As we’ve come to expect from Artland, production-wise things are a confusing mess with Mushishi. The last two episodes (a two-parter that manga readers have been seriously jonesing for) of this cour have been cancelled for TV broadcast, and won’t be released until the November Blu-ray volume (at least in theory). The end card for “The Depths of Winter” confirms another cour is indeed “planned” (their word, not mine) for Fall 2014, but given this studio’s history you’ll forgive me if I’m skeptical. Artland has perpetual production delays and seems always on the edge of insolvency, yet they still produce heartbreakingly gorgeous episodes. What’s one to think, really? For me, it’s best to view the prospect of more Mushishi as a hope rather than an expectation.

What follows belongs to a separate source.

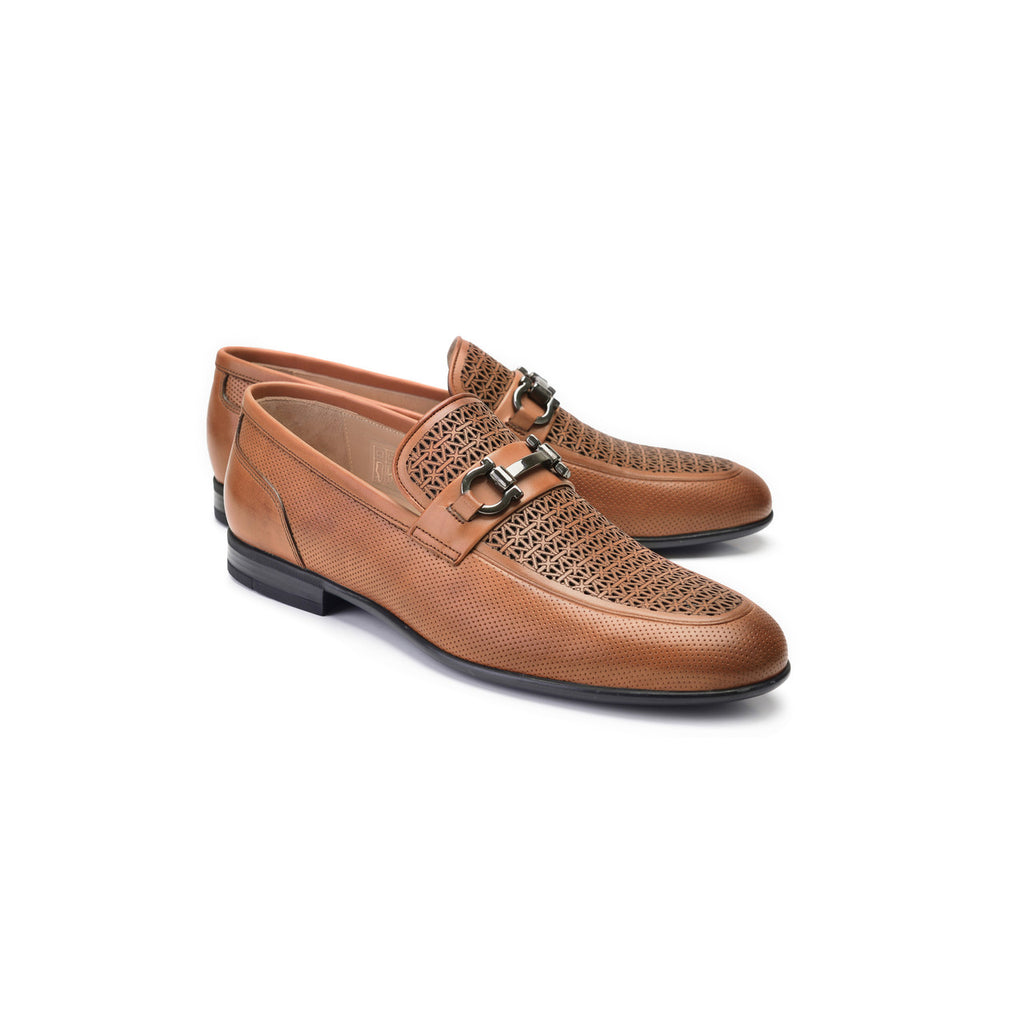 Pelle Line Exclusive 9436 Perforated buckle loafer- Tan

Given that context, we can at least take solace in the fact that “Depths of Winter” works astonishingly well as a finale, in addition to being a brilliant episode on its own merits. It’s all Ginko, start to finish, and brings the season to a close with a story that showcases the ethereal beauty and mystery of the world of Mushishi as well as any could, in addition to leaving us with a good deal of mirth. And again, it’s gorgeous – Artland again displaying matchless aptitude for snowscapes and the art of depicting falling snow, then topping itself with equally beautiful panoramas of the rebirth of spring in the mountains. As a whole it’s a cleansing, meditative experience of the sort that only Mushishi can really provide and it leaves the series in a wonderful place, whatever happens next.
“Depths of Winter” is a study in economy – an elegantly simple story with minimal dialogue that relies equally on sound and vision to appeal to every aspect of the viewer’s consciousness. Ginko is passing through a mountain on his way to respond to a summons when he sees the signs that the Mountain Gods are about to have the “awakening” – the rebirth of spring after the long winter’s sleep. As this means the return of hungry spring Mushi from their hibernation, Ginko decides to hole up in a homemade lean-to, protected by Mushi-repelling incense, for a few days until the process is complete. But when he wakes, he discovers that he’s in the midst of a blizzard – even as the surrounding mountains have begun their spring.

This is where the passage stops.